Quattro Formaggi volò a terra e cominciò a singhiozzare disperato.

«Non piangere, stronzo. Non piangere che ti ammazzo.»

Rino sollevò il capo come un coyote che ulula verso la luna, digrignò i denti massaggiandosi la mano indolenzita e gli mollò un calcio sul costato.

Quattro Formaggi rotolò nel fango cominciando a tossire.

«Le hai sfondato la testa con una pietra.» E giù un altro calcio. «Hai capito, bastardo?» E un altro ancora.

«Non… vo…levo. Ti gi…uro che… non volevo. Mi disp…iace» frignava Quattro Formaggi scuotendo la testa disperato. «Non lo… so… nemmeno io…

perché.»

«Ah, non lo sai? Nemmeno io lo so. Schifoso stupratore pezzo di merda…» Lo afferrò per i capelli e gli cacciò la canna della pistola contro un occhio.

«Ora ti ammazzo.»

«Sì, ammazzami! Ammazzami. Me lo merito…»

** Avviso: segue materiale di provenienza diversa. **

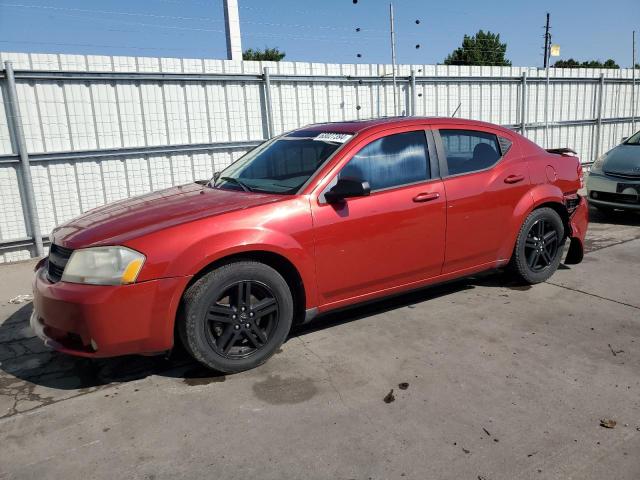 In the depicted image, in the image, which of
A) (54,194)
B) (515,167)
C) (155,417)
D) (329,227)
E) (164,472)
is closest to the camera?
(164,472)

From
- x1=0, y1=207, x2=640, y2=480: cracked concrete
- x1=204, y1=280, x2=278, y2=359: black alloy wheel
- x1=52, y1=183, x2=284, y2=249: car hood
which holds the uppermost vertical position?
x1=52, y1=183, x2=284, y2=249: car hood

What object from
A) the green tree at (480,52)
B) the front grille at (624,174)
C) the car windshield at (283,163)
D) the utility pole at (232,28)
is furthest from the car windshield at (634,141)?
the green tree at (480,52)

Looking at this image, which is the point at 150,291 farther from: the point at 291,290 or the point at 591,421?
the point at 591,421

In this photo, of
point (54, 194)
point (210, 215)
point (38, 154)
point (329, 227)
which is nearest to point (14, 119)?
point (38, 154)

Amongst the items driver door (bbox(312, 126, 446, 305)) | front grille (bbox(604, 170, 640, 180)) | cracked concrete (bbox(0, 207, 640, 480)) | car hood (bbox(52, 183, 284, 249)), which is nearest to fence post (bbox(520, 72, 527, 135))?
front grille (bbox(604, 170, 640, 180))

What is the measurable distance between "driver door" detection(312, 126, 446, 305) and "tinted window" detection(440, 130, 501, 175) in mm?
191

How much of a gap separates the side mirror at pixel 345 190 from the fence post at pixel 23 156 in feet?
15.7

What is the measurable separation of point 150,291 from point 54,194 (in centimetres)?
465

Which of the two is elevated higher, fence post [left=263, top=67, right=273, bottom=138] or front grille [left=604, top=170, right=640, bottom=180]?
fence post [left=263, top=67, right=273, bottom=138]

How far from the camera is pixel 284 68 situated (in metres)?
8.12

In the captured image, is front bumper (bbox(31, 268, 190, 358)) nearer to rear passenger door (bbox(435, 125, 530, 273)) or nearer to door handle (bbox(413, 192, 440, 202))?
door handle (bbox(413, 192, 440, 202))

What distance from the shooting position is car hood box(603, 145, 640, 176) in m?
7.29

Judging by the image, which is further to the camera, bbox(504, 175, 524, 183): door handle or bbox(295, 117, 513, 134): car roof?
bbox(504, 175, 524, 183): door handle

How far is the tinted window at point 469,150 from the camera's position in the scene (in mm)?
4184
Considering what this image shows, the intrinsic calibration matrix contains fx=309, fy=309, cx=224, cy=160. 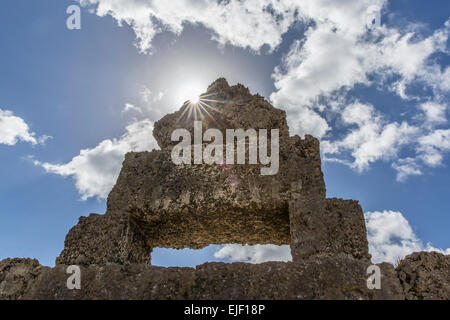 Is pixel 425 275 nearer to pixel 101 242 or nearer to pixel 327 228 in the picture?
pixel 327 228

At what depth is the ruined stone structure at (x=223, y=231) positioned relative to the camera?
7.32ft

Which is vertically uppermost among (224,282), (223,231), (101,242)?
(223,231)

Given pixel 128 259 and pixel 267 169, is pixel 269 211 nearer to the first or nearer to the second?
pixel 267 169

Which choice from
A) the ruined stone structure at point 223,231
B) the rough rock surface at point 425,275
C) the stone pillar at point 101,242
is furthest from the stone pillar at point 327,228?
the stone pillar at point 101,242

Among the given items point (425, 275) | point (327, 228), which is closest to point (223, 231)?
point (327, 228)

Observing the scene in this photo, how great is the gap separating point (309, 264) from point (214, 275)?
0.71m

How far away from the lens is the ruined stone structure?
2232 millimetres

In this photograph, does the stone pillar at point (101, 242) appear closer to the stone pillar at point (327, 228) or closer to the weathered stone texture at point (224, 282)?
the weathered stone texture at point (224, 282)

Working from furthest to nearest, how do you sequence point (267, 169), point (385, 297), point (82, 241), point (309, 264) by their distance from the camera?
point (267, 169)
point (82, 241)
point (309, 264)
point (385, 297)

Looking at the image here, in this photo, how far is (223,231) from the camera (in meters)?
3.64

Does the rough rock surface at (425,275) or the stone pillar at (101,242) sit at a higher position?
the stone pillar at (101,242)

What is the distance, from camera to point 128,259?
3.19m

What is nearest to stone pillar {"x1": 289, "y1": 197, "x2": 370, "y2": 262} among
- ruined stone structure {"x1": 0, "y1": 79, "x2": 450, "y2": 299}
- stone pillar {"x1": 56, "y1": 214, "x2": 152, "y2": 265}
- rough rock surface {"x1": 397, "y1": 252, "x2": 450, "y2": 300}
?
ruined stone structure {"x1": 0, "y1": 79, "x2": 450, "y2": 299} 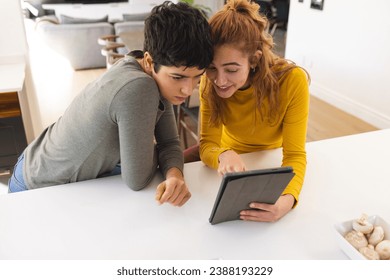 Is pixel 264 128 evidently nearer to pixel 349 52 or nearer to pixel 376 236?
pixel 376 236

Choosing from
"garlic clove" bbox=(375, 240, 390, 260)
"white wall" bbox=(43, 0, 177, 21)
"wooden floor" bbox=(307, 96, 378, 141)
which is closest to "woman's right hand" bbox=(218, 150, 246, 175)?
"garlic clove" bbox=(375, 240, 390, 260)

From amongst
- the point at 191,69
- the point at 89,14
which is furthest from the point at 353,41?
the point at 89,14

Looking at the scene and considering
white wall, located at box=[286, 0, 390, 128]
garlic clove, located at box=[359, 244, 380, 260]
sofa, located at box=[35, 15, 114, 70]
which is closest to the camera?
garlic clove, located at box=[359, 244, 380, 260]

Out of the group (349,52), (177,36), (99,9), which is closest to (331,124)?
(349,52)

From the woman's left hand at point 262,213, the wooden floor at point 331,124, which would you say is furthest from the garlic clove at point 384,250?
the wooden floor at point 331,124

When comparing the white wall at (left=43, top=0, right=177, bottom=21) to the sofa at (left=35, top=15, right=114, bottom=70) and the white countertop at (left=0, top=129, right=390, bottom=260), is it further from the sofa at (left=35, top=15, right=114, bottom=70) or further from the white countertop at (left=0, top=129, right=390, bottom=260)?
the white countertop at (left=0, top=129, right=390, bottom=260)

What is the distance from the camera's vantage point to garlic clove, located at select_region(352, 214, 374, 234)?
0.89 m

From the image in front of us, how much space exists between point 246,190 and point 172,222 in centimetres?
22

prese a mugugnare Quattro Formaggi.

Una furia rossa, impetuosa, aveva acceso il cervello e gonfiato i muscoli e teso i tendini dell’indice di Rino Zena che stringeva il grilletto della pistola, e Rino sapeva che doveva calmarsi subito, immediatamente, se no andava a finire che faceva saltare quella testa di cazzo che aveva davanti.

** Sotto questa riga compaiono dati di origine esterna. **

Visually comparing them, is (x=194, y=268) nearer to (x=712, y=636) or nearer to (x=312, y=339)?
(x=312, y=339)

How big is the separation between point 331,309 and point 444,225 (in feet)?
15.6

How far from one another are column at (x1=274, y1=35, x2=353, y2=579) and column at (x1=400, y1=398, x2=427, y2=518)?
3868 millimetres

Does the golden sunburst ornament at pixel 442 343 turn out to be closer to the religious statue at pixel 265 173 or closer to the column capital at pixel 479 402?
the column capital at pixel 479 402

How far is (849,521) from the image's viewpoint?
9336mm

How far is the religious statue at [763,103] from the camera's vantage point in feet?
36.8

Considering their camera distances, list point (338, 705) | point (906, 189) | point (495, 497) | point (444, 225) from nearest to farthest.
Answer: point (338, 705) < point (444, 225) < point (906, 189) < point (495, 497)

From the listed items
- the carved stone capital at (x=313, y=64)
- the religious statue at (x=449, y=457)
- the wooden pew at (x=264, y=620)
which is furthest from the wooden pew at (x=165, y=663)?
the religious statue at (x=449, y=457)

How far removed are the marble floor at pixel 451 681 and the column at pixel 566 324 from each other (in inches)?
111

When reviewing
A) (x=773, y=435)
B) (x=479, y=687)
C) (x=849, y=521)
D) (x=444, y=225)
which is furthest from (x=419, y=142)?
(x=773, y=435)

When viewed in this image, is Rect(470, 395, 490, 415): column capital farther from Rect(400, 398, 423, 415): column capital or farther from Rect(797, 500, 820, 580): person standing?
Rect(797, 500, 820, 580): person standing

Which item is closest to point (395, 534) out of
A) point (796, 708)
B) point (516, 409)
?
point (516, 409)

Con la suola dell’anfibio colpì in bocca Quattro Formaggi che sputò un fiotto di sangue e poi si rannicchiò con le braccia sulla testa.

Rino, sbuffando, si cacciò la pistola sotto la cintola e prese con tutte e due le mani un enorme ramo e lo spezzò contro il tronco.

Non bastava. Aveva ancora troppa rabbia dentro.

Afferrò con entrambe le mani una roccia che doveva pesare almeno cinquanta chili per scagliarla chissà dove, la tirò su dal fango urlando, ma si ammutolì subito.

Il pietrone gli scivolò dalle mani.

Il mondo intorno a lui si scompose in centinaia di frammenti colorati come un vetro che esplode, e una morsa pesante come una massa di piombo incandescente gli stritolò il cranio. Due punteruoli gli affondarono nelle tempie e tutte le estremità del corpo iniziarono a formicolargli.

Rimase fermo, con le gambe piegate e il busto in avanti come un lottatore di sumo, strabuzzando gli occhi, e si rese conto che fino a quel momento non aveva avuto la più pallida idea di cosa fosse un malditesta.

Perse l’equilibrio e cadde rigido a terra.

124.

Erano passati dieci minuti da quando Teresa gli aveva dato la notizia di essere incinta, ma Danilo Aprea era ancora lì, seduto sul bordo del letto.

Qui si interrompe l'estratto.